We saw signs of a rise in sentiment amongst small business owners for April in data released last month, and the positive outlook strengthened further in May, in an encouraging sign for the US economy.
By Peter Martin
Tuesday, June 9, 2015
The National Federation of Small Business (NFIB) reported today that its Small Business Optimism Index rose to 98.3 in May from April’s reading of 96.9. This is a very strong outcome, exceeding the consensus estimate of 97.2 and hitting its highest level since the start of the year.
‘Improved profit trends accounted for over half the Index gain, a rather unusual but welcomed development,’ said Bill Dunkelberg, Chief Economist of the NFIB. He added that ‘The NFIB May survey results confirm that the economy is moving ahead.’
Though economic indicators are not yet showing wide agreement of robust growth in the US economy, the combination of today’s more upbeat assessment of the outlook by business owners with the surge in jobs growth announced on Friday has sparked some concerns that the Fed could go for lift-off as early as September. We’ll get a clearer steer on things with Thursday’s retail sales report, but in the meantime the major US stock indices have been struggling for direction. Prices were little changed in early trading on Tuesday, and shortly after the opening on Wall Street the Dow Jones was up 7 points or 0.04% at 17,773, while the broader measure of the S&P 500 Index climbed just 0.01%.

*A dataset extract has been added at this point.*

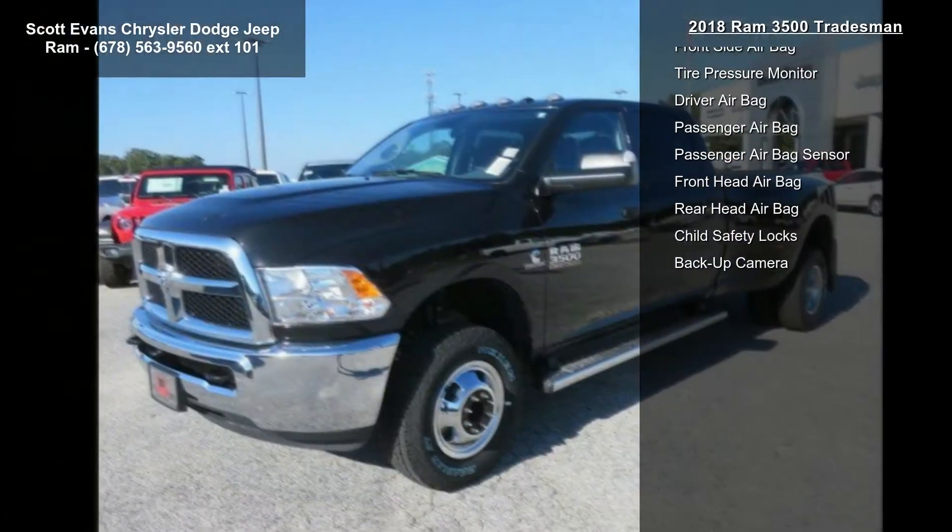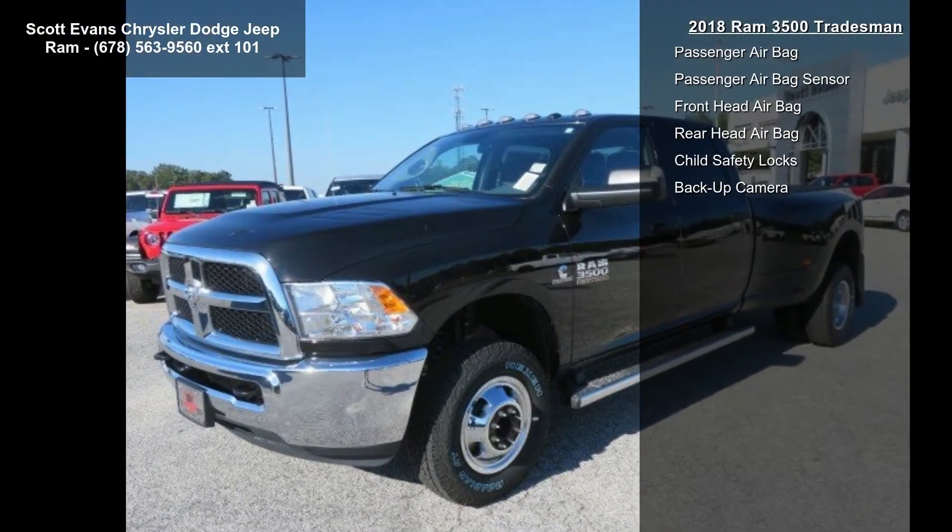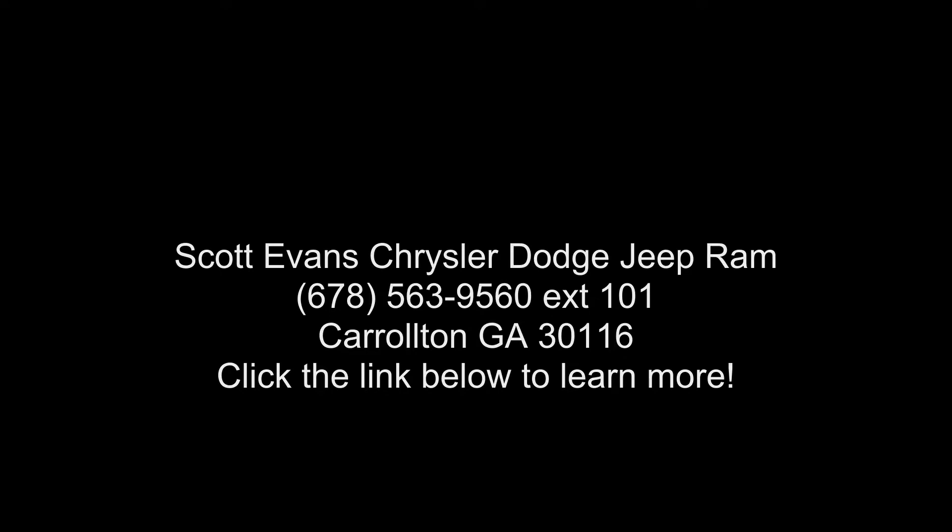SiriusXM satellite radio. For more info call 800-643-2112. Quick order package 2FA Tradesman included. Engine: 6.7L I6 Cummins turbo diesel. Transmission: 6-speed automatic.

Globally though growth is soft and it is difficult to see the general stance of monetary policy amongst the major central banks remaining anything other than accommodative for some time. Chinese inflation data released overnight showed prices slackening, suggestive of a loss of momentum in the economy. The Chinese CPI fell 0.2% in May, taking the annual change down to 1.2% from April’s 1.5%. Not only is inflation running well below Beijing’s 3% target, but it is moving in the wrong direction and the warning signs of a lull in consumer demand could well invite more monetary stimulus. Shares in Asia fell overnight, with a 0.7% drop in the CSI 300 (an index that reflects the price of 300 leading stocks from the Chinese Shanghai and Shenzhen exchanges), while stock performance in Japan was even worse, seeing the Nikkei 225 plunge 1.8%.

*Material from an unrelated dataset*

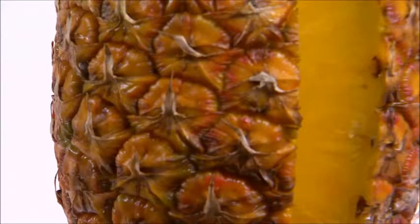Also high in vitamin C, pineapples help prevent chemical changes to estrogen, which can help prevent hot flashes.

Eurostat confirmed its earlier first-quarter GDP estimate for the eurozone in a report released today. GDP across the shared economic region grew 0.4% in the first quarter, for a year-over-year change of 1.0%. A major contribution to that growth came from household consumption, with strong performances by the key economies of Germany, France, Italy and Spain. Though there is nothing particularly surprising in this data, given that it is line with the earlier estimate, it does provide confirmation that the eurozone is on a path of recovery.